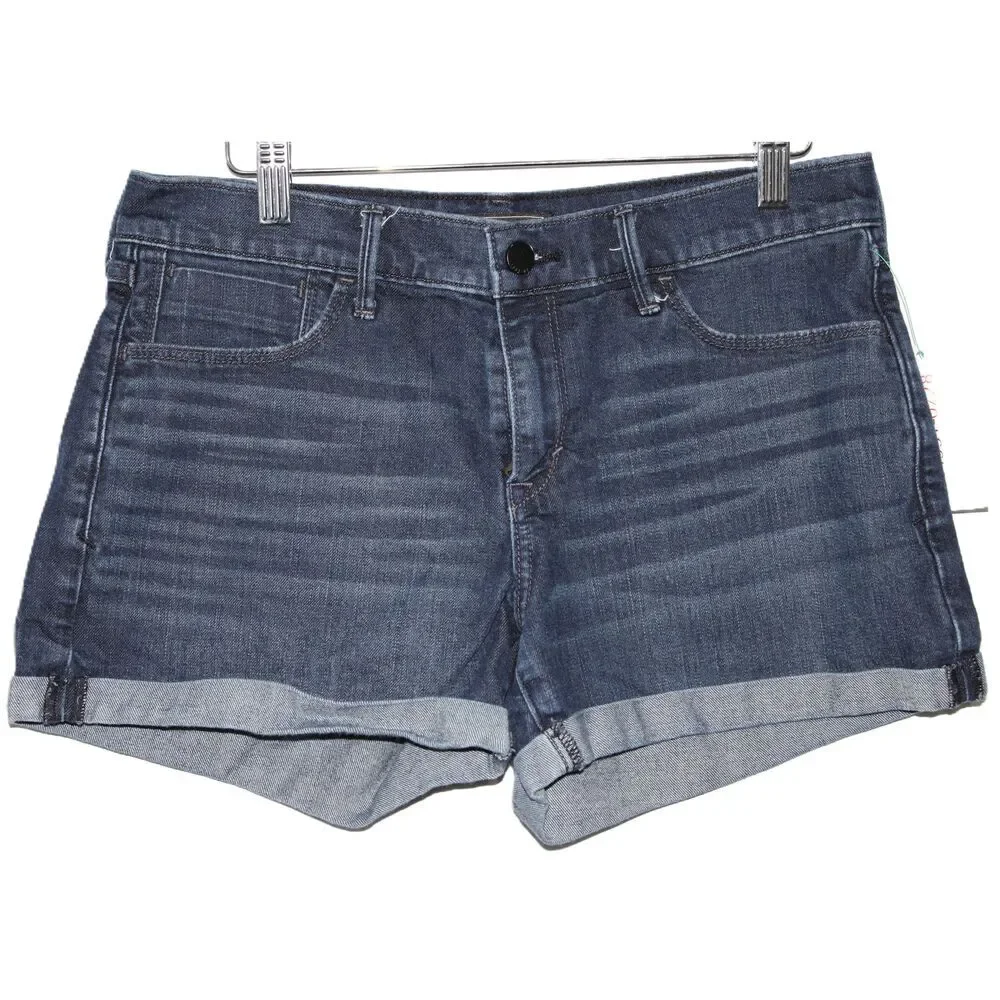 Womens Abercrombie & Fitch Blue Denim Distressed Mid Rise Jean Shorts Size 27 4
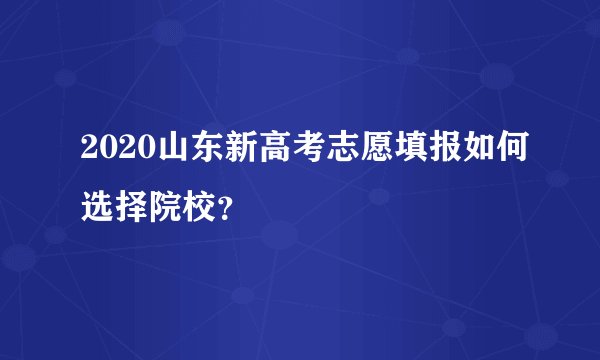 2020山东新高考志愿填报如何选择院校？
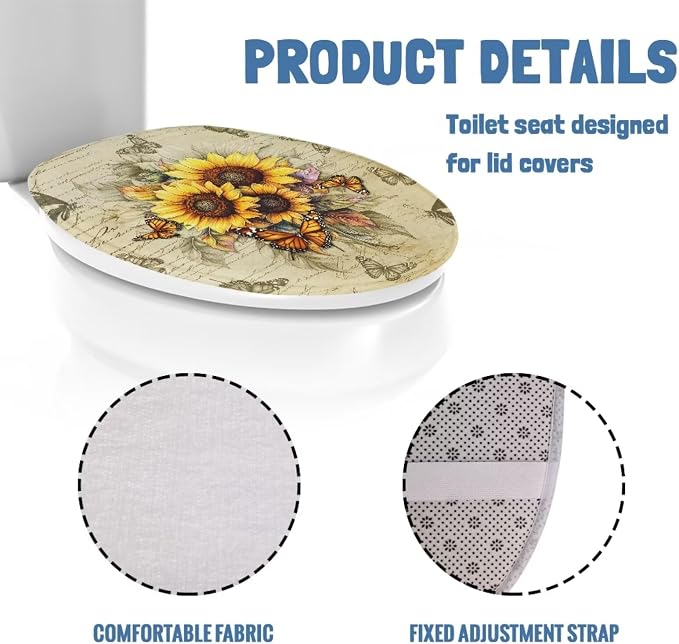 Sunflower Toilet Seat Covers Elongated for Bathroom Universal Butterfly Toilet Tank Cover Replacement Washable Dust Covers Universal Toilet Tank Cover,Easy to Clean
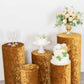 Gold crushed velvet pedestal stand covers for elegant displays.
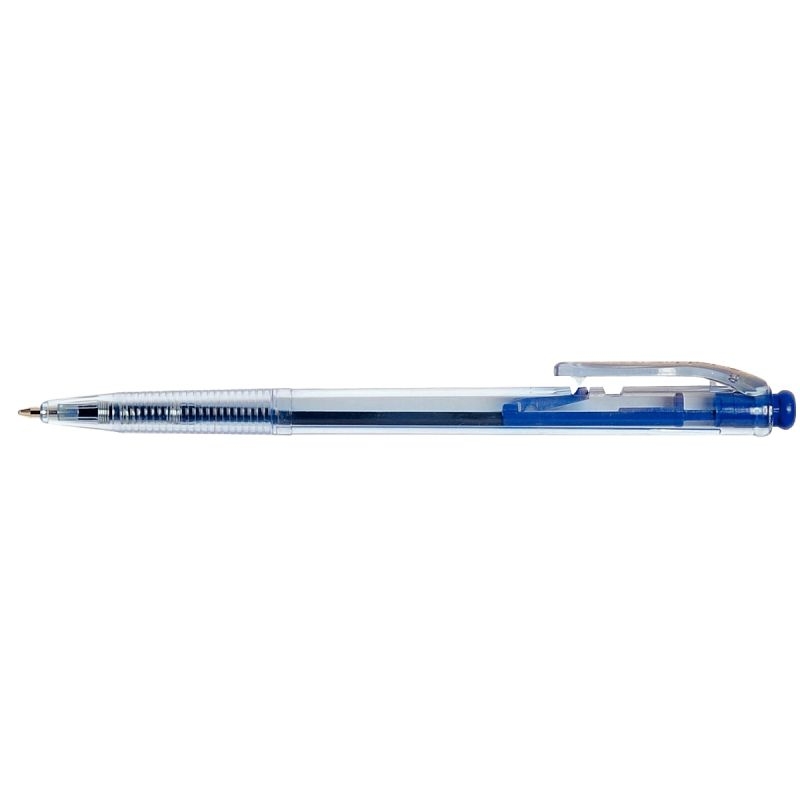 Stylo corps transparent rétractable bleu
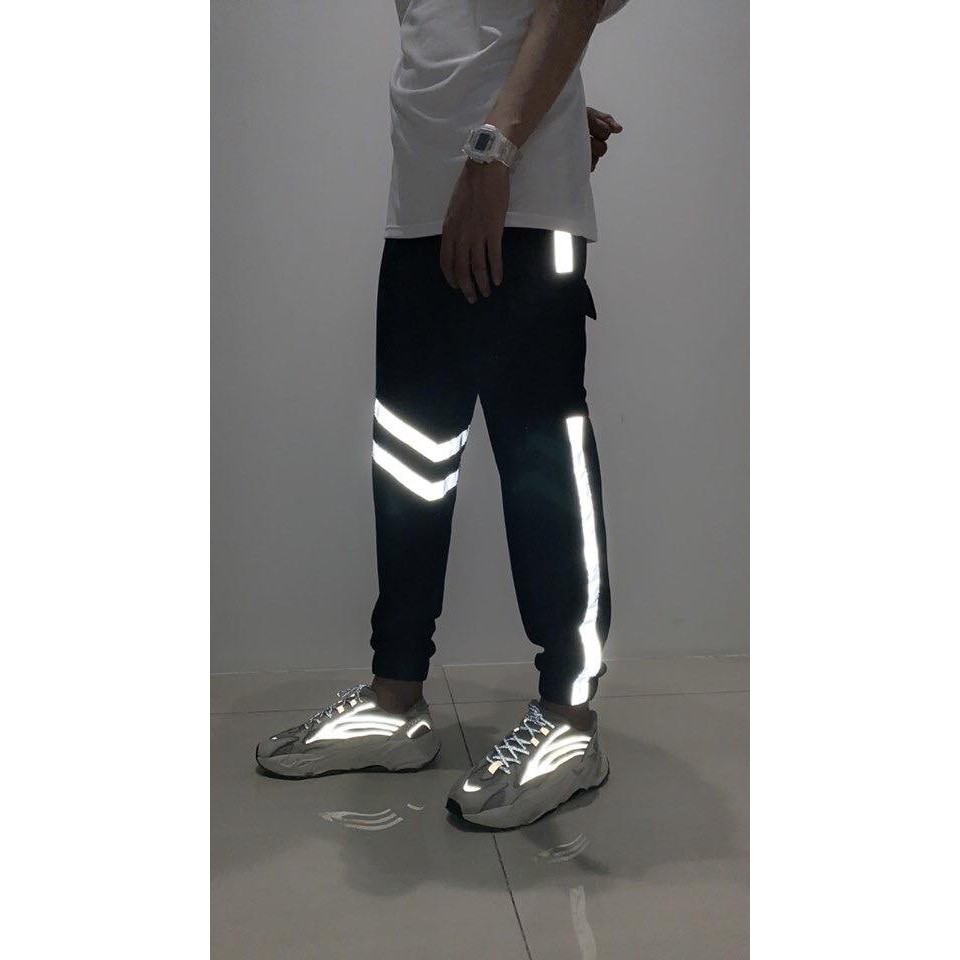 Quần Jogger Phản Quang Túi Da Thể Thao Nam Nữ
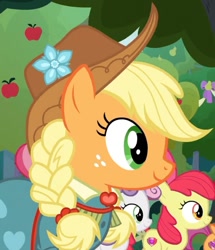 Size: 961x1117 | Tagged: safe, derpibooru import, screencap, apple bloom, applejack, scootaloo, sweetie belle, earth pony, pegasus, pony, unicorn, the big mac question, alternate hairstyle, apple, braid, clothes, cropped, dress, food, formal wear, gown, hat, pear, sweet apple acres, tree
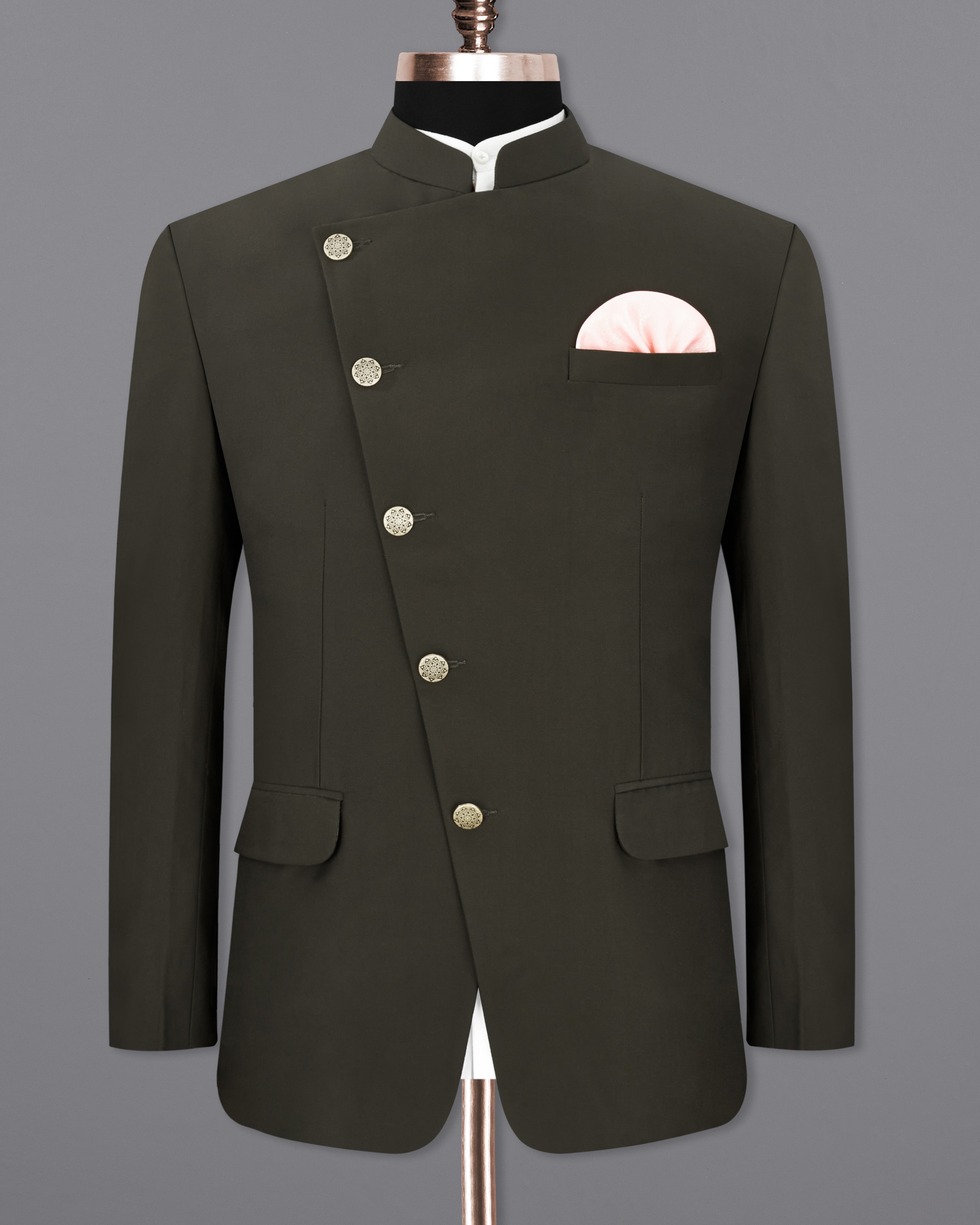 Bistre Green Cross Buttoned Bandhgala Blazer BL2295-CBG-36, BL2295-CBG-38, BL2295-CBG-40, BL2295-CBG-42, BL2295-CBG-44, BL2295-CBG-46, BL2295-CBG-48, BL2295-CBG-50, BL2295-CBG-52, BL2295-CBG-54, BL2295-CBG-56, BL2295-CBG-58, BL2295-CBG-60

ACTION ITEM:
Exactly as written, print each entry, leaving all pictures out.

ANSWER TO THE EXERCISE:
 Womens Abercrombie & Fitch Blue Denim Distressed Mid Rise Jean Shorts Size 27 4
 2020山东新高考志愿填报如何选择院校？
 Sunflower Toilet Seat Covers Elongated for Bathroom Universal Butterfly Toilet Tank Cover Replacement Washable Dust Covers Universal Toilet Tank Cover,Easy to Clean
 Gold crushed velvet pedestal stand covers for elegant displays.
 Stylo corps transparent rétractable bleu
 Quần Jogger Phản Quang Túi Da Thể Thao Nam Nữ
 Size: 961x1117 | Tagged: safe, derpibooru import, screencap, apple bloom, applejack, scootaloo, sweetie belle, earth pony, pegasus, pony, unicorn, the big mac question, alternate hairstyle, apple, braid, clothes, cropped, dress, food, formal wear, gown, hat, pear, sweet apple acres, tree
 Bistre Green Cross Buttoned Bandhgala Blazer BL2295-CBG-36, BL2295-CBG-38, BL2295-CBG-40, BL2295-CBG-42, BL2295-CBG-44, BL2295-CBG-46, BL2295-CBG-48, BL2295-CBG-50, BL2295-CBG-52, BL2295-CBG-54, BL2295-CBG-56, BL2295-CBG-58, BL2295-CBG-60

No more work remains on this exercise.